Hard disagree. I want to see everything from everyone I follow in a specific newest-to-oldest order. I also don't want to see other shit in my feed (X liked Y, who to follow, whatever), but I'm fine with having it outside of the main feed (be it a sidebar or a click away).

I also want to "tag" my follows into lists (family, close friends, topic X, topic Y), allowing me to filter through the timeline.

Currently only Twitter and Mastodon allow me this use case, and that's what I use on a semi-regular basis. Everything that deviates from that (Facebook, Instagram, YouTube's home feed) also loses me as a regular visitor with zero exceptions.

But the reason everything deviates from that eventually is clickthrough rate on ads. If my timeline is confusing enough, I'm more likely to click on ads.

2 comments

Exactly this. I WANT to see all those pictures friends and family are posting of their kids going back to school, or of their dog doing whatever. That is the point of social media, to someone keep in touch with the goings-on of family that lives far away. I actually like to read their personal opinions and thoughts they write on things, even when I disagree with them. (its interesting to see things from others point of view) But I wish I could just block everthing that someone 're-shares' since lately, its no different than the huge email chains your great aunt used to foward in ALL CAPS about how if you forward this to 10 people Bill Gates is going to send you money....
At least Instagram algorithm is going towards direction where this is not possible.
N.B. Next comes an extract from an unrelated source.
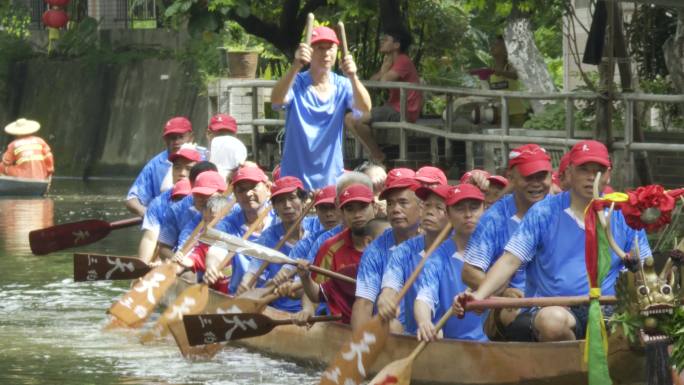 航拍民俗文化活动 划龙舟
It might hide content from persons which you have followed, if you haven’t liked or reacted their posts in the past. It wants to show the most appealing content.
RSS works well for this. I follow youtube channels and other media on RSS and its chronological, all in one place, and I can group or filter them however I like.
I'm gonna be honest, I do use RSS, but I dread it due to a) not every website supporting it, b) random sites having feeds that are way too noisy, c) liking one category of posts or one author and failing to extract those posts only, or d) random people I like publishing on multiple websites.

Now I can get around it with a ton of effort, but it will break sooner or later, which is why why I find Twitter/Mastodon lists far more useful and flexible.

It's not too much effort to be honest considering all the services around RSS these days. You have services that can turn a website that doesn't support RSS into an RSS feed. Services that can filter feeds however much for certain keywords of interest or whatever and cut out the noise. You can even consume twitter via RSS these days.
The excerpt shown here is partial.